Oregon Bakers Pay $135K Fine After Refusing to Bake Cake for Lesbian Wedding
Leah Jessen /
The Oregon bakers who refused to bake a same-sex couple’s wedding cake have paid over $135,000 in fines.
Aaron and Melissa Klein, former owners of Portland-area Sweet Cakes by Melissa, paid state-ordered damage fees and interest totaling $136,927.07 to the Bureau of Labor and Industries on Monday, reported KOIN 6 News.
The bureau “was attempting to charge interest rates of 9 percent, equating to $35 a day, and seeking to garnish any assets of the Kleins so they couldn’t earn interest on the money that had been donated to them,” Tyler Smith, an attorney for the Kleins, told The Oregonian.
Those supportive of the Kleins have raised over $500,000 for the family on crowdfunding pages.
Fox News reports that the labor bureau wiped out the family’s bank accounts earlier this month by confiscating an additional $7,000 from the couple.
“The least expensive option to stay in compliance with the law was to pay the Oregon Bureau of Labor and Industries funds that will be kept in a separate account until they prevail in their court appeal,” Smith said, according to Fox News.

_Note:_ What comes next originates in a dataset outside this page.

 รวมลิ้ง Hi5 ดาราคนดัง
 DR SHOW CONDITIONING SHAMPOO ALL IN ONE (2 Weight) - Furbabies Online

The $135,000 fine, for emotional damage to Laurel and Rachel Bowman-Cryer, was ordered by Labor Commissioner Brad Avakian in July, after the lesbian couple filed a complaint with the labor bureau in February 2013.
The Bowman-Cryer complaint came a month after the Kleins chose not to bake the lesbian couple’s wedding cake. The Kleins stood by their religious belief that marriage is between a man and a woman and were found in violation of an anti-discrimination law.
Oregon’s accommodation law, in part covering places that provide goods and services, bans discrimination based on a person’s sexual orientation.
The Kleins had originally been ordered to pay the $135,000 fine by July 13—a date the couple had no plans to pay the fine by (calling the situation an “overreach of the government”).
The Kleins were also threatened with a lien placed on their house if they did not pay the fine.
They had requested a stay of enforcement to delay payment until after the Oregon Court of Appeals could weigh in on the case. Avakian—who led the court order charge against the Kleins—rejected the request two times, The Oregonian reports.
Critics have taken to calling the Kleins “bigots” and “homophobes” for their view on marriage.
“We’re looking at the persecution of Christians in this country,” Aaron Klein told TheBlaze in July.